What happened?
A coalition of crypto, fintech, and retail trade groups sent a joint letter to the CFPB urging it to defend Rule 1033 after big banks pushed to narrow who counts as a “consumer representative” and to add fees for data access. The groups warn those changes would limit consumers’ ability to share their financial data with digital wallets, fintech apps, and crypto exchanges. This fight follows the CFPB finalizing the rule, a lawsuit from the Bank Policy Institute, and a pause to reopen consultations.
Who does this affect?
Everyday consumers who want to connect their bank accounts to apps, wallets, or exchanges could face higher costs or blocked connections if open banking is weakened.
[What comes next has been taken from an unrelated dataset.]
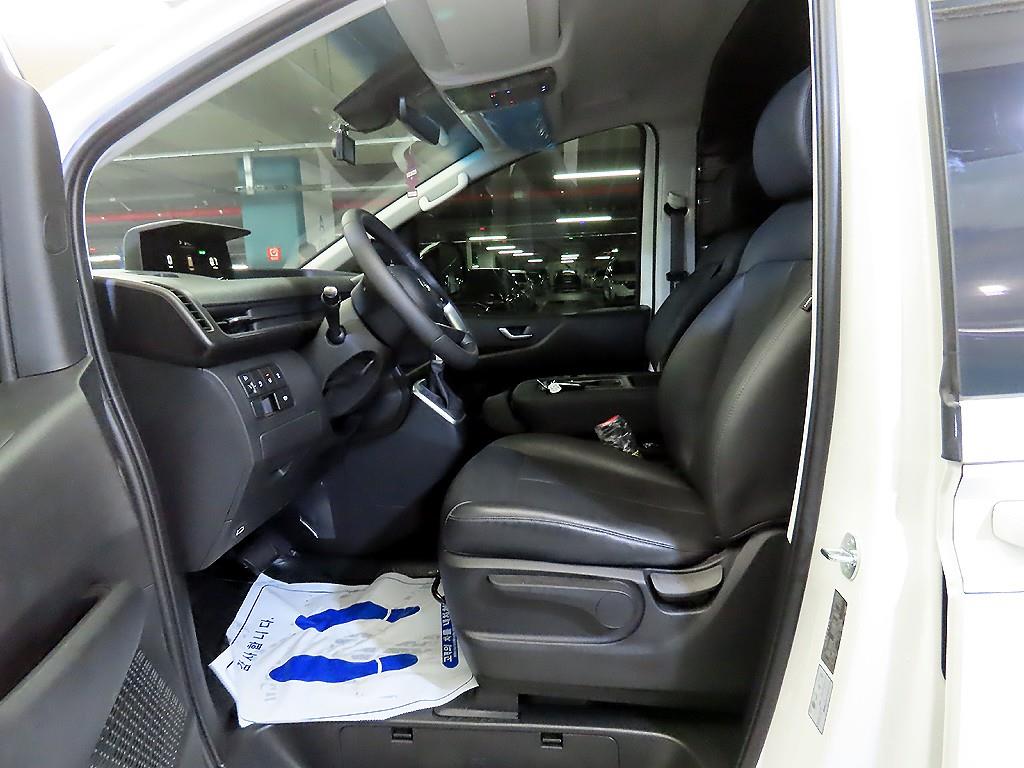 HYUNDAI Staria - Vista 6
Fintech startups and crypto firms that rely on easy data access to build products would be hurt, while large banks could benefit by keeping control of customer data. Regulators and the broader financial ecosystem are also affected because the decision will shape competition, privacy, and data control across the market.
Why does this matter?
Weakening open banking risks slowing innovation and reducing competition in payments, wallets, and crypto services, which can raise costs and reduce choice for consumers. It could also make the U.S. fall behind global fintech leaders like the UK, Singapore, and Brazil that have stronger open banking frameworks. For markets and investors, that means slower fintech growth, fewer startups scaling, and more capital concentrating with big banks instead of funding new entrants and products.